The Olympics makes an easy target precisely because it is one which will not in the slightest way inconvenience any of us, including Mr Spielberg, because we could hardly afford to go there anyway, and it is unlikely that British athletes will win very much for us in the UK to be proud of.

The moral high ground stance now being taken is shot through with the usual hypocrisy of people, media and governments who should know better and who should look to their own policies, past and present, before condemning others.

I look forward to the Olympics along with President George Bush who, for once in his career, appears to have spoken some sense on the matter, and Gordon Brown, who asked for, and got, his invitation in his recent high-profile visit to improve our trade relations with China.

Hadyn Adams

Colchester, Essex

Sir: Given the recent invective heaped upon the Chinese government from every quarter, it may not be a popular move to ask why anyone, least of all China, should heed demands from the Unied Kingdom and the United States to alter their behaviour towards Sudan.

The present governments of these two Western countries have not only illegally invaded a sovereign country to effect regime change, an illegal act in itself, but have also been directly and indirectly responsible for up to one million deaths in Iraq since 2003.

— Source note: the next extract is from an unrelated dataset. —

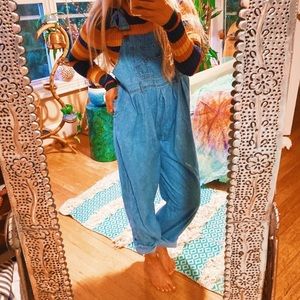 Picolina Babydoll Overalls Light Wash Full Length✨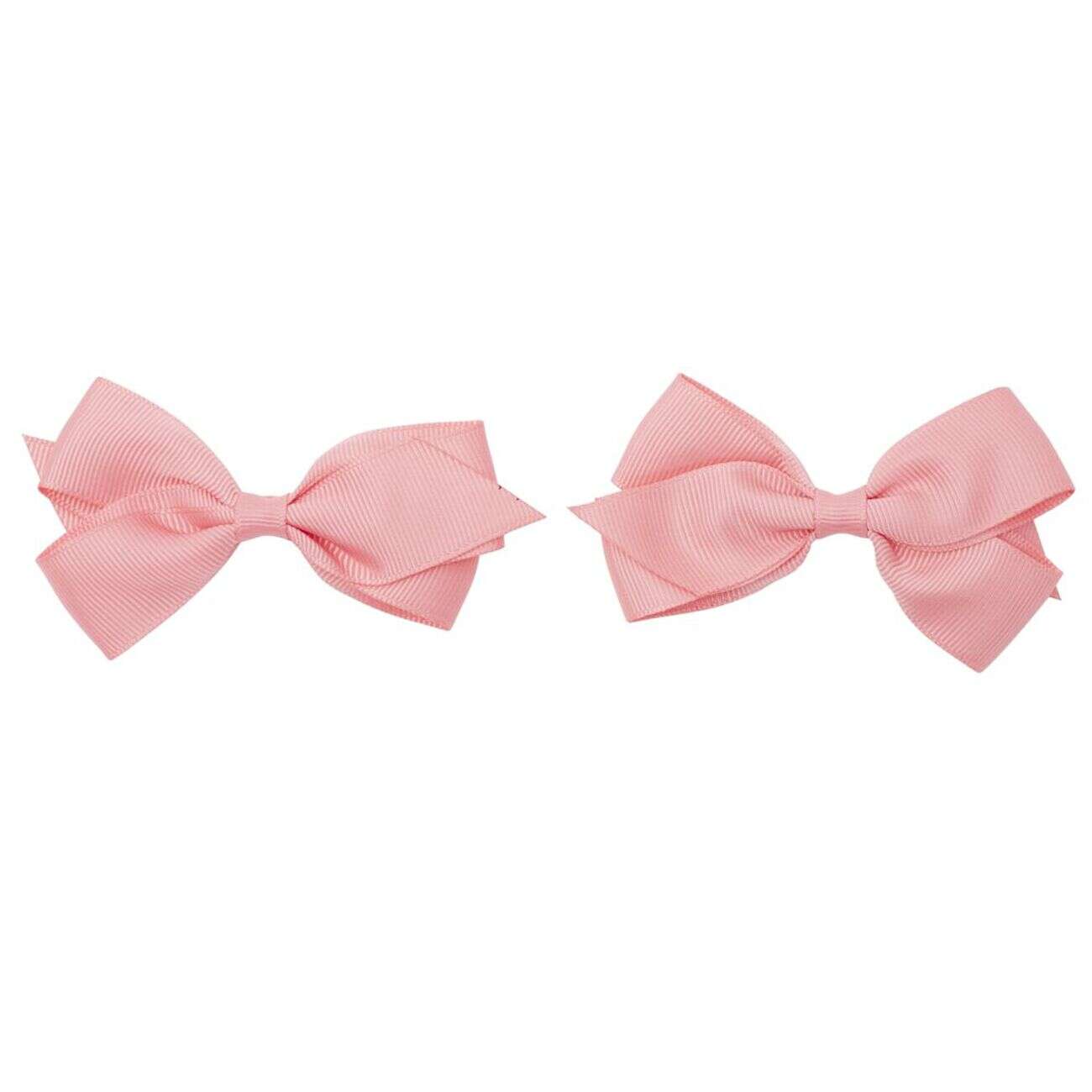 Barrette à cheveux x2 mini noeud tissu pastel 5,5x10cm (4 modèles)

Tessa Jowell will no doubt continue to harangue the Chinese government up to the day the Olympics begin but until she and her colleagues own up to the carnage they have created in Iraq and learn a little humility, she can rest assured that nobody in Beijing will be listening.

Peter Coghlan

Broadstone, Dorset

Switch off

Sir: Roger Dean says he plans to stock up on 100-watt light-bulbs because he struggles to read in the evening using low-energy bulbs (letters, 14 February). Perhaps he should give up reading, since it does not seem to be doing him any good.

Mark Downing

Liskeard, Cornwall

Spread the word

Sir: The article "Marmalade: Why it isn't yet toast", (16 February) quoted the food historian Ivor Day as saying there is evidence we had quince marmalade from about the time of the Battle of Agincourt in 1415. It also said Mary Queen of Scots and Mary Tudor enjoyed quince marmalade. What the article failed to mention was that the Portuguese word for quince is marmelo, and marmelada is a thick quince jam, and it is usually served with cheese.

John Evans

Marlow, Buckinghamshire

Right track

Sir: The Peppercorn-designed A1 Pacific locomotive class (report, 11 February) was not the last steam locomotive to be built for British Rail. The last A1 loco was built in Doncaster and Darlington in 1948-49. The last class of steam locomotive to be designed and built by British Rail was the "9F" 2-10-0 "Evening Star" class, built up to March 1960.

Ian Berresford

Poynton, Cheshire

Screen power

Sir: I was shocked to see the list of The Ten Best Televisions (Extra, 14 February). The list should have come with a climate change warning. The environmental advice is to avoid plasma TVs because they typically use up to four times as much energy as the old-fashioned cathode ray-tube models. Also, the bigger a TV screen is, the more electricity it consumes. For instance, a 30ins LCD screen will consume more than twice as much as a 20ins display.

Frances Baker

Hove, East Sussex

Spanish practice

Sir: I agree with the Rev Julian Wilson's concern (letters, 16 February) that giving GCSE marks purely because an opinion was written without regard for the facts is a sad indictment of our examination system. I fully expect that, as an assistant examiner for GCSE oral Spanish, I may yet be obliged to give a mark for the English statement, "I like chips in brown gravy".

Allan Friswell

Cowling, North Yorkshire

Put a sock in it

Sir: Mark Steel made several excellent points in his piece, "A taxing problem: should the rich pay for cheese?" (Comment, 13 February). Among them, I see that he recommends the legalisation of armed robbery as a boost to the stocking industry. Should there arise a need to make armed robbery legal, as Mr Steel suggests, surely the need for stocking masks to conceal one's identity would decline, or is there something I am missing?